Şiddet ve nefret unsuru yok
Cezaevinde açık ve kapalı görüş, mektup alma ve gönderme ve sohbet hakkının ortadan kaldırıldığını belirten Soncan, “Gökyüzünü bile çok görerek dikenli tellerle kapattılar. Herhalde uçaklara dokunmayalım, bulutları kucaklamayalım diye. Bu iddianame 19. yüzyıl hukukunun bile fersah fersah gerisindedir. Avrupa İnsan Hakları Mahkemesi'ne (AİHM) göre basın ve ifade özgürlüğü çok geniştir ve ancak şiddet ve nefret söylemi söz konusuysa sınırlandırılabilir. Hiçbir konuşmamda, yazımda, mülakatımda en küçük bir nefret söylemi, şiddet unsuru ve hakaret yoktur” dedi.

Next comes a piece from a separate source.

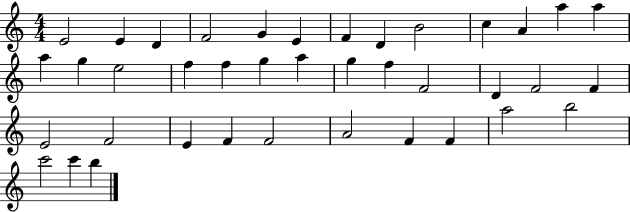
E4/h E4/q D4/q F4/h G4/q E4/q F4/q D4/q B4/h C5/q A4/q A5/q A5/q A5/q G5/q E5/h F5/q F5/q G5/q A5/q G5/q F5/q F4/h D4/q F4/h F4/q E4/h F4/h E4/q F4/q F4/h A4/h F4/q F4/q A5/h B5/h C6/h C6/q B5/q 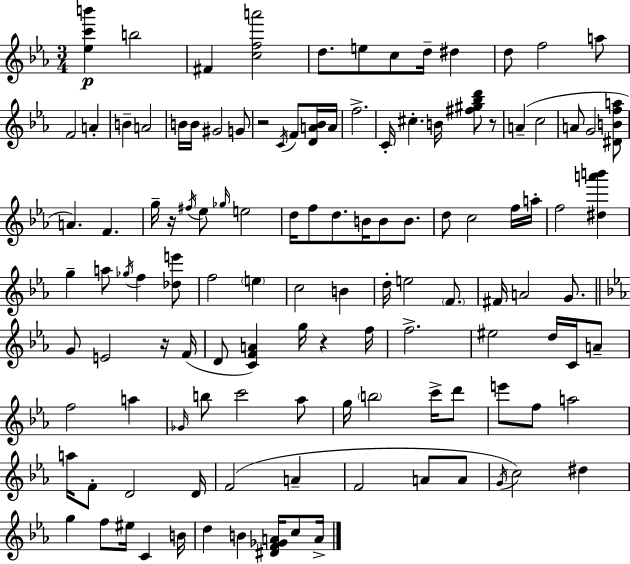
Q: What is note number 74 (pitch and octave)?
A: A5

Şık ve Şener kararına atıf
Soncan, soruşturma savcısı Murat Çağlak'ın kendisini hiç görmediğini ve ifadesini almadığını aktararak, “Bu yargılamanın sonunda beni cezaevine yollarsanız savcı Murat Çağlak'ın zihninde yarattığı hayali karakteri cezalandırmış olacaksınız” dedi. Soncan, hakkındaki tutukluluğun devamı kararlarında en göze çarpan ifadenin kaçma şüphesi olduğunu kaydederek, “Benim birçok ülkeye vizem var ancak hakkımdaki gözaltı kararını öğrenince emniyete gittim. Emniyette gözaltı kararı yok dediler zorla kendimi gözaltına aldırttım. Başbakan ve bakanlarla dünyanın birçok ülkesine gittim” dedi. Savunmanın ardından Soncan'ın avukatı İrem Danacıoğlu, gazeteci Ahmet Şık ve Nedim Şener'in 2011'de Oda TV soruşturması kapsamındaki tutukluluğuna ilişkin AİHM kararını savunmasına dayanak yaptı.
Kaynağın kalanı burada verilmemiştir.